Resilient Retail and Higher Hotel Contributions Boost Income

KLCC’s 2019 core net profit grew by 0.8% yoy to RM732.1m on the back of higher revenue (+1.2% yoy) and stable NPI margin of 72%. KLCC reported higher earnings across all segments (Fig 2); notably, the retail segment delivered an increase of 2.3% yoy to RM514.7m despite the reconfiguration exercise at the mall. Elsewhere Mandarin Oriental KL Hotel enjoyed better F&B performance and higher revenue per available room from higher occupancy (64% in 2019, from 55% in 2018) post refurbishment exercise. The full year DPS came in at 38 sen, an increase of 2.7% yoy. Overall, the results were within our expectations but below consensus forecasts.

4Q19 Core Net Profit Grew by 2.7% Qoq to RM186.4m

4Q19 core net profit grew 2.7% qoq, driven by higher revenue (+3.2% qoq), arising from higher contributions from the retail (+5.4% qoq) and hotel (+11.3%) segments, which more than offset a slight decrease in the office revenue (-0.5%). Meanwhile, EBIT margin remains sturdy at 71%. Management has declared a DPS of 11.60 sen in 4Q19 (from 8.80 in 3Q19); KLCC has typically declare higher dividend in the 4Q.
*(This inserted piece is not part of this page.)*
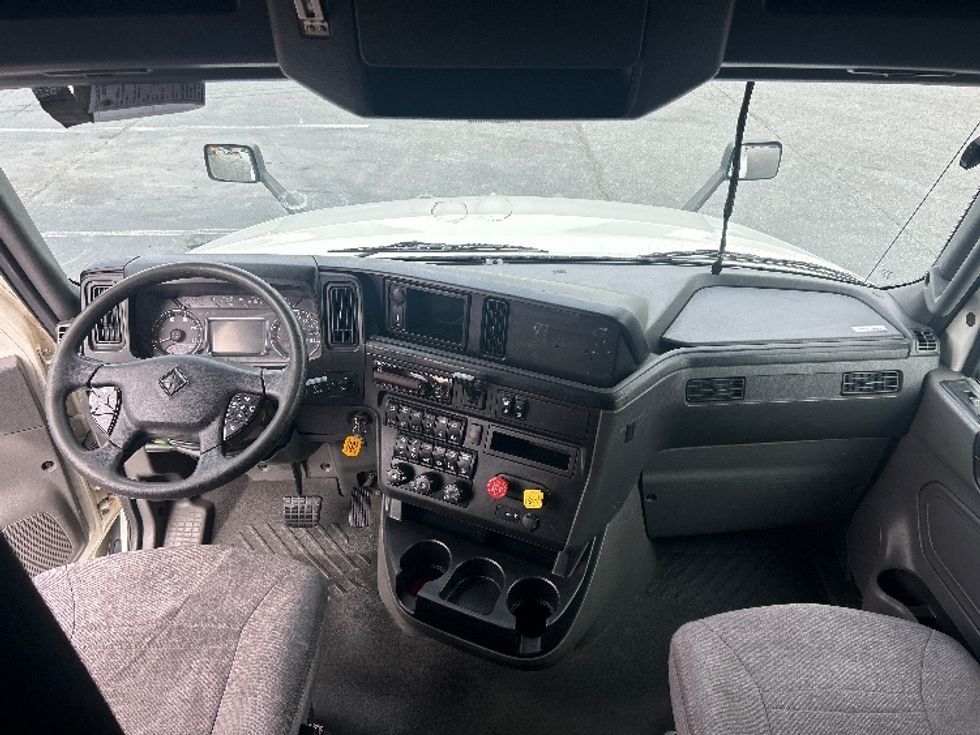 Sleeper Tractor-Heavy Duty Tractors-International-2020-LT625-Greensboro-NC-470,130\n\t\tmiles-$ 52,250 - Image 12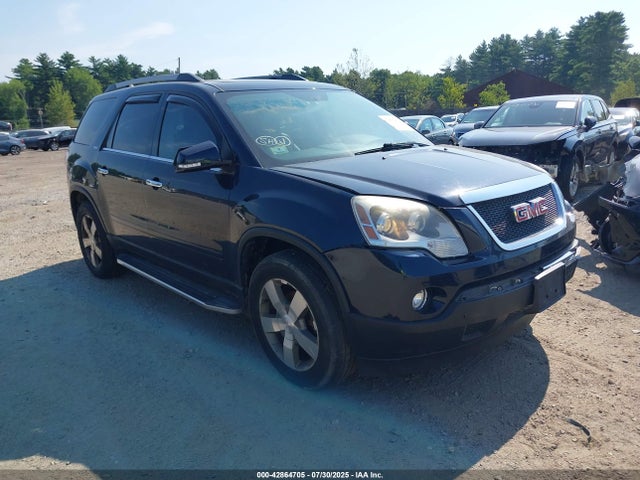 Salvage GMC Acadia Image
Maintain BUY With An Unchanged SOTP-derived TP of RM8.90

The Phase 1 of the reconfiguration exercise is now completed but the opening is slightly delayed, pending approvals from the authority. Meanwhile, the Phase 2 reconfiguration will commence in early February and scheduled to open in 2Q2020. We tweaked our 2020-21E EPS forecasts by -0.2% after incorporating the full year financial statements. We maintain our BUY rating on KLCC with an unchanged SOTP-derived TP of RM8.90. We continue to like KLCC REIT for its defensive rental income, backed by triple net leases, high asset occupancy and sustainable yields in times of an economic downturn. At a 5.0% 2020E yield, valuation looks attractive considering its defensive earnings and steady DPS growth. Downside risks: downturn in the retail mall and hospitality markets.